A fortuitous orbit of the International Space Station allowed the astronauts to take this striking view of Sarychev Peak volcano (Russia's Kuril Islands, northeast of Japan) in an early stage of eruption on 12 June 2009. Sarychev Peak is one of the most active volcanoes in the Kuril Island chain and is located on the northwestern end of Matua Island. Prior to 12 June, the last explosive eruption had occurred in 1989 with eruptions in 1986, 1976, 1954, and 1946 also producing lava flows.

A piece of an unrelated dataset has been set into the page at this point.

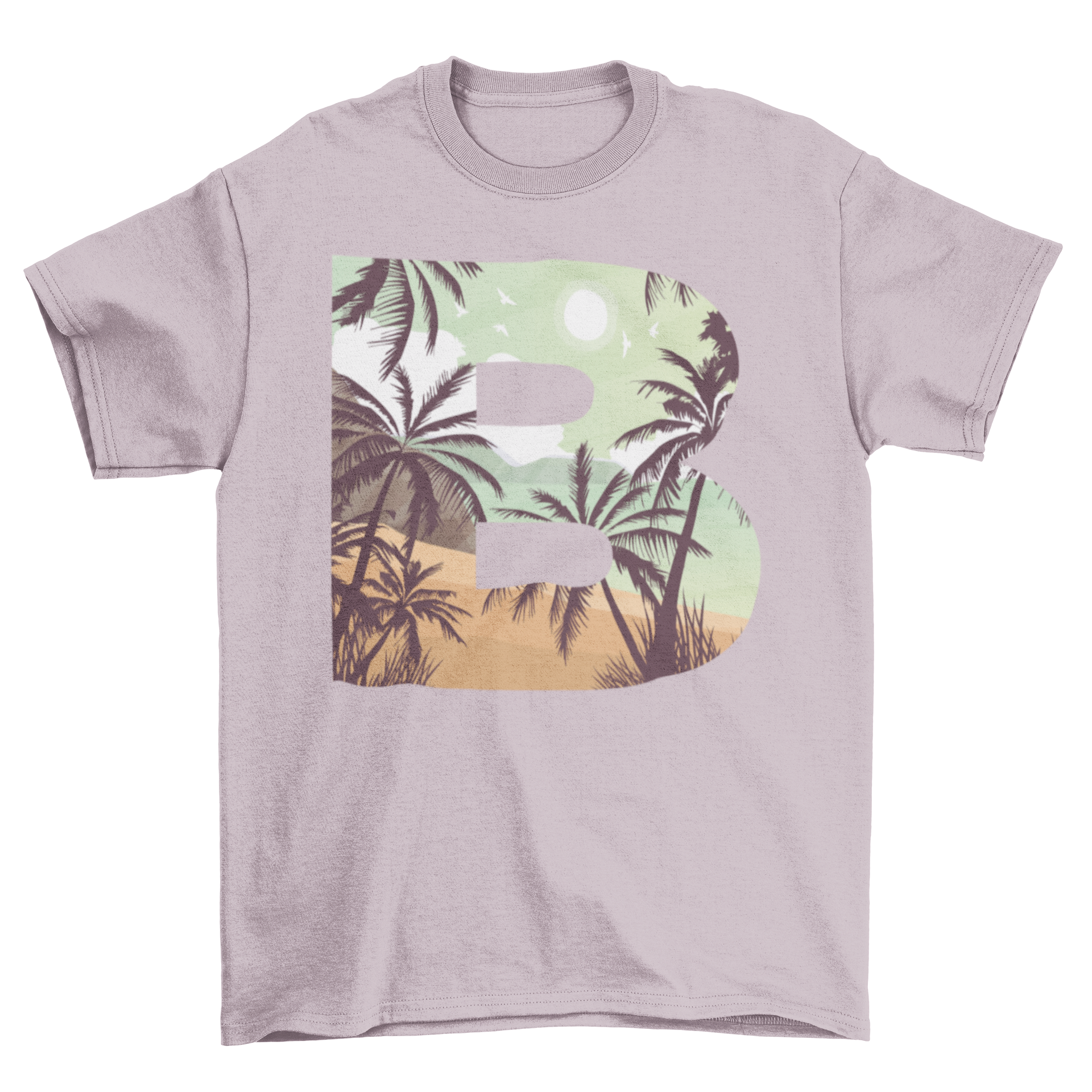 Beach Letter B T-shirt featuring a vibrant beach landscape inside the letter B.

This detailed photograph is exciting to volcanologists because it captures several phenomena that occur during the earliest stages of an explosive volcanic eruption. The main column is one of a series of plumes that rose above Matua Island on June 12. The plume appears to be a combination of brown ash and white steam. The vigorously rising plume gives the steam a bubble-like appearance; the surrounding atmosphere has been shoved up by the shock wave of the eruption. The smooth white cloud on top may be water condensation that resulted from rapid rising and cooling of the air mass above the ash column, and is probably a transient feature (the eruption plume is starting to punch through).
The structure also indicates that little or no shearing winds were present at the time to disrupt the plume. By contrast, a cloud of denser, gray ash – most probably a pyroclastic flow – appears to be hugging the ground, descending from the volcano summit. The rising eruption plume casts a shadow to the northwest of the island (bottom center).
Brown ash at a lower altitude of the atmosphere spreads out above the ground at upper right. Low-level stratus clouds approach Matua Island from the east, wrapping around the lower slopes of the volcano. Only about 1.5 km (1 mi) of the coastline of Matua Island (upper center) can be seen beneath the clouds and ash. Image courtesy of NASA.